There is a close link between iron and polyamine biosynthesis and metabolism. In a recent study, the authors reported alterations in the serum levels of hepcidin and other iron-related proteins in Alzheimer's disease patients. Hepcidin is a key regulator of the entry of iron into the circulation in mammals.
Iron plays a crucial role in many physiological processes of the human body. Early studies found iron overload is directly proportional to cognitive decline in Alzheimer's disease. Amyloid precursor protein (APP) and tau protein, both of which are related to the Alzheimer's disease pathogenesis, are associated with brain iron metabolism.
Polyamines are ubiquitous molecules, which, like iron, are essential for cell growth. All eukaryotic cells are equipped with a specific polyamine transport system (PTS). Polyamines have primary and secondary amino groups which chelate bivalent metal cations such as Fe and Cu.
Based on these findings, this pilot study compared serum levels of one of the polyamines, Spermidine, between Alzheimer's disease, mild cognitive impairment, and control subjects, correlating the levels with the existing clinical and neuroimaging data.
This cross-sectional study measured Spermidine levels in frozen serum samples of 43 Alzheimer's disease patients, 12 patients with Mild Cognitive Impairement (MCI) patients, and 21 age-matched controls, provided by the Oregon Alzheimer's Disease Center Bio-repository.

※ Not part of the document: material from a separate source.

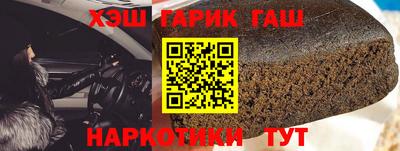 круглые Кулебаки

MCI patients showed significantly higher mean Spermidine serum levels compared to controls, with a non-significant trend for higher Spermidine serum levels in pure Alzheimer's disease participants compared to controls.
Furthermore, Spermidine serum levels correlated with serum levels of the chief iron regulatory protein, hepcidin in Alzheimer's disease participants with a more advanced disease stage.
These, and other results, demonstrate that the cell polyamine transport system is a potential cell entry pathway for iron. The studied polyamines, spermine and spermidine, may be components of the pool of transferrin-independent iron-chelating vectors, which have recently attracted the attention of many investigators.